In this retrospective analysis we tested the hypothesis that
aprotinin doses of more than 6 x 10(6)
kallikrein inhibiting units (KIU) per patient may be more effective in reducing
bleeding compared with the high-dose regimen of 5-6 x 10(6) KIU
aprotinin. The
aprotinin doses administered for 8281 adult cardiac surgical patients were correlated to
body weight and time of operation and calculated in KIU per kg
body weight and minute of operation. Linear and logistic regression models were designed to detect potential associations between dose and postoperative
bleeding, transfusion, and other covariates. The 6-h
chest tube drainage in the lowest quartile dosing group was 447 +/- 319 mL (mean +/- sd) compared with 360 +/- 290 mL in the highest quartile dosing group (P < 0.001). The proportion of patients requiring allogeneic
blood transfusion was reduced from 55% to 47% comparing the lowest with the highest dosing group (P < 0.01).
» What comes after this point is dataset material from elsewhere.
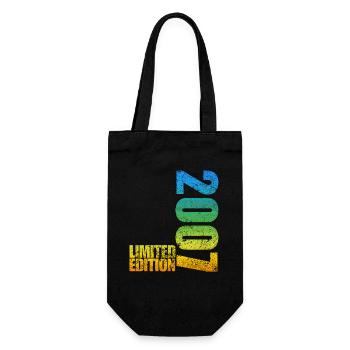 Édition Limitée 2007 18ème Cadeau d’Anniversaire - Sac à bouteille - noir - Devant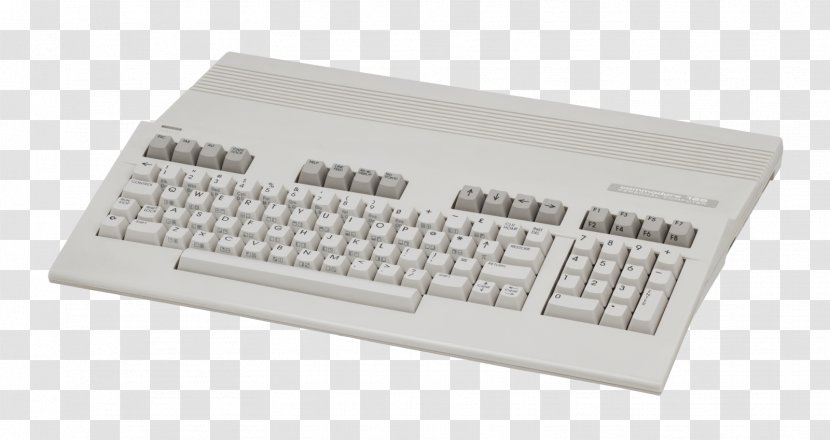 Commodore 128 1541 64 International SX-64 - Computer Transparent PNG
Aprotinin dose was also an independent predictor for rethoracotomy for
surgical hemostasis (1.9% in the highest quartile to 2.4% in the lowest dosing quartile; P < 0.01). The risk of
renal failure requiring dialysis (2.3% in the highest dosing group vs 3.3% in the lowest dosing group; P < 0.01) or impairment of renal function (
creatinine increase of >or=2 mg/dL postoperatively, 6.4% in the highest dosing group vs 10.0% in the lowest dosing group; P < 0.01) was lower with higher doses of
aprotinin. Thus, there was no association between
aprotinin dose and renal function. Our results support the hypothesis that a more individualized
aprotinin regimen with potentially higher doses may optimize the effectiveness of
aprotinin therapy in cardiac surgery.